Posted By Editor On December 10, 2010 @ 7:42 pm In Guest column,Voices & Thoughts | Comments Disabled
By Kenneth Lewis
The national conversation on our fiscal health for the past few months has been about whether to extend the Bush-era tax cuts for households with incomes over $250,000, or to allow them to expire on December 31st. To my amazement, lost in all this controversy and discussion has been any mention of what this would really mean for high-income people in the context of historical tax rates.
During the 1950s this country was flourishing economically and adding new jobs that moved millions of people out of poverty and into the middle class. What kind of tax policy was in place during this period, those years after World War II when the Baby Boomers were growing up?
What was the top marginal tax rate during all eight years of the Eisenhower Administration? 91%! The increase proposed for today’s rates seems paltry, and the top rate seems very low, in fact too low, and incongruent with the needs of the country for investment right now in education, health and infrastructure.
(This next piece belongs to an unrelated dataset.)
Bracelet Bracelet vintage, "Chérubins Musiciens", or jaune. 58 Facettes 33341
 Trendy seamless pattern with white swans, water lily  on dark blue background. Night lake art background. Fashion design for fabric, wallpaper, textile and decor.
This comparison is also true when looking broadly over the mid-century; during the years from 1935 to 1980 the marginal rates were never below 70%.
One can only wonder what the big fuss is all about.
Right now people pay income taxes on a sliding scale between 10% and 35%. If the Bush-era tax cuts expire on December 31, the rates would return to between 15% and 39.6%. Less than one percent of taxpayers now pay the 35% (according to the Wall Street Journal) and less than four percent pay 33%. If the tax cuts are allowed to expire, the top tax rate of 39.6% would only apply to those whose income, adjusted for inflation, exceeds $363,000 per person.
So in reality, the big controversy over the extension of tax cuts boils down to a mere 4.6% for those making over $363,000! And remember, they pay that extra amount only on incomes over $363,000, not their entire income. Based on the arguments and emotional forcefulness of those who want all tax cuts extended, one would think that the rates we are talking about are historically high rates. Top rates of 35% and 39.4% aren’t even close to historic highs.
At a time when reducing the deficit is a main concern of both the public and of policy makers, it seems incredible that there is even any discussion about this. Letting the tax cuts expire for the top two to four percent of high earners will reduce the deficit by over 700 billion dollars. How can we not do this?
The argument that lower tax rates leads to increased employment is belied by the experience during the Bush Administration. The most massive tax reductions in US history occurred during those eight years, and the increase in employment during those years was the lowest in U.S. recorded history. Lower taxes did not lead to increased employment.
I have benefited enormously from the infrastructure that strong federal, state, and local governments provide. As a businessman I have used more than my fair share of these public institutions and therefore, I want to pay my fair share. That’s why I’m asking Congress to raise my taxes!
There is no valid reason to continue these historically low tax rates for those making more than $250,000 or more than $363,000 during a period of economic stress. This country is in trouble and those of us who have benefitted the most need to step up and pay our fair share. The small rate increase will decrease the deficit by over 700 billion dollars and have no appreciable adverse impact on employment. In fact, I would argue it would stimulate job creation if Congress were to invest in this country again. The House has rejected letting the wealthy off the hook for their fair share. The Senate should act now, do the right thing – and also reject the compromise.
Lewis is former president of Lasco Shipping Co. of Portland and of the Port of Portland Commission. He is also former national chairman of the I Have a Dream Foundation and a member of Wealth for the Common Good.